All ribbing aside, the NHL is planning to introduce a flurry of apologies, lower ticket prices and special events to lure back hockey fans after a 10-month labor dispute, according to the Los Angeles Times. And, unlike the bad blood from the 1994-95 baseball strike, hockey fans are not as upset.
“The research I have done, fans have responded positively,” Dean Bonham of sports marketing firm Bonham Group told the Times. “They told us they understood the issues and that it needed to be fixed and if it was fixed, they would come back and support the NHL.”

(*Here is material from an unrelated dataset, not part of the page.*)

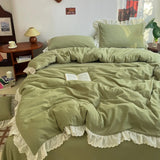 Purpdrank  Princess Bedding Sets INS Ruffle Lace Bow Quilt Cover Romantic Bedclothes Woman Girls Bedroom Decor Duvet Cover постельное белье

The recent lockout had been brewing for years, with team owners claiming the NHL’s collective bargaining agreement with its players was untenable, making the league unprofitable. Last fall’s lockout meant this was the first year there wasn’t a Stanley Cup winner since 1919.
“From my perspective, fan loyalty is a lot stronger and a lot deeper than the so-called experts claim,” Mighty Ducks GM Brian Burke told the paper. “They follow the game passionately. … It will rebound stronger and quicker than people expected.”
The Anaheim team has already unveiled price cuts on season tickets, and the Los Angeles Kings plan on some price cuts, too, after it issues an expected apology in a full-page newspaper advertisement.
The New York Rangers scheduled an event July 25th where the first 1,000 fans received a voucher for two tickets to a regular season game, and the city’s Islanders announced 3,000 ducats would be available at $10 for 10 first-half regular season home games, the Times said.
“The three main things fans care about are winning, affordability and access,” Kings President Tim Leiweke told the paper. “That doesn’t come from some crazy guy writing crazy checks. We now have a system that makes that possible. We paid a hell of a price to get to this day, and I hope we can move the game forward.”
Ticket price reduction is not expected in Detroit, Edmonton, Calgary, Vancouver and Toronto, where hockey has strong support, according to the Times.